In certain embodiments, the first polypeptide sequence comprises an allergen sequence with an at least 80%, 85%, 90%, 95%, or 99% sequence identify with a naturally occurring allergen sequence or a portion thereof that is capable of binding to an allergen-specific IgE molecule.

"Sequence identity" is defined as the percentage of amino acid residues in one sequence that are identical with the amino acid residues in another reference polypeptide sequence after aligning the sequences and introducing gaps, if necessary, to achieve the maximum percent sequence identity, and not considering any conservative substitutions as part of the sequence identity. The percentage sequence identity values are generated by the NCBI BLAST2.0 software as defined by Altschul et al., (1997), "Gapped BLAST and PSI-BLAST: a new generation of protein database search programs", Nucleic Acids Res., 25:3389-3402 with the parameters set to default values.

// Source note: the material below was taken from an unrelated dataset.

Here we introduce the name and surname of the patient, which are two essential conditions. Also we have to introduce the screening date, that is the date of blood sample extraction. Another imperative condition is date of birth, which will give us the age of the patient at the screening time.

The sequences of a large number of allergens are known in the art. Exemplary allergens include mite allergen Der p1 (see, SEQ ID NOS:3 and 4 for its nucleotide and amino acid sequences), cat allergen Fel d1 (see, SEQ ID NOS:5 and 6 for the nucleotide and amino acid sequences of its chain 1, and SEQ ID NOS:7 and 8 for the nucleotide and amino acid sequences of its chain 2), and peanut allergen Ara h (see, SEQ ID NOS:9 and 10 for its nucleotide and amino acid sequences). Numerous other allergens and their sequences are available from the SWISS-PROT database, some of which are listed in Table 1 of U.S. Patent Application Publication No. US 2003/0082190 (which is incorporated herein by reference).

In certain embodiments, the first polypeptide sequence of the fusion protein of the present invention comprises native cat allergen Fel d1 or a portion thereof. For example, in certain embodiments, the first polypeptide sequence comprises both a portion of native cat allergen Fel d1 chain 1 as set forth in SEQ ID NO:18 and a portion of native cat allergen Fed d1 chain 2 as set forth in SEQ ID NO:19.

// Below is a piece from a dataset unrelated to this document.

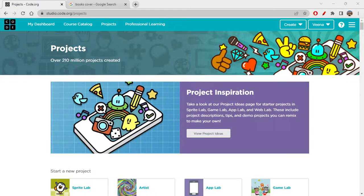Hi folks, how are you all doing today? Today we will be learning something very interesting. I hope you all like this very much. I'm doing a cover page of a book today. Let's see how to create the design — this is going to be fun and interesting, so let's quickly start.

In certain embodiments, the first polypeptide sequence of the fusion protein of the present invention comprises a sequence having an at least 80%, 85%, 90%, 95%, or 99% sequence identity with native cat allergen Fel d1 or a portion thereof and capable of specifically binding to a cat allergen Fel d1-specific IgE antibody.

In certain embodiments, the first polypeptide sequence of the fusion protein of the present invention comprises both a sequence having an at least 80%, 85%, 90%, 95%, or 99% sequence identity with native cat allergen Fel d1 chain 1 and another sequence having an at least 80%, 85%, 90%, 95%, or 99% sequence identity with native cat allergen Fel d1 chain 2, wherein the first polypeptide is capable of specifically binding to a cat allergen Fel d1-specific IgE antibody.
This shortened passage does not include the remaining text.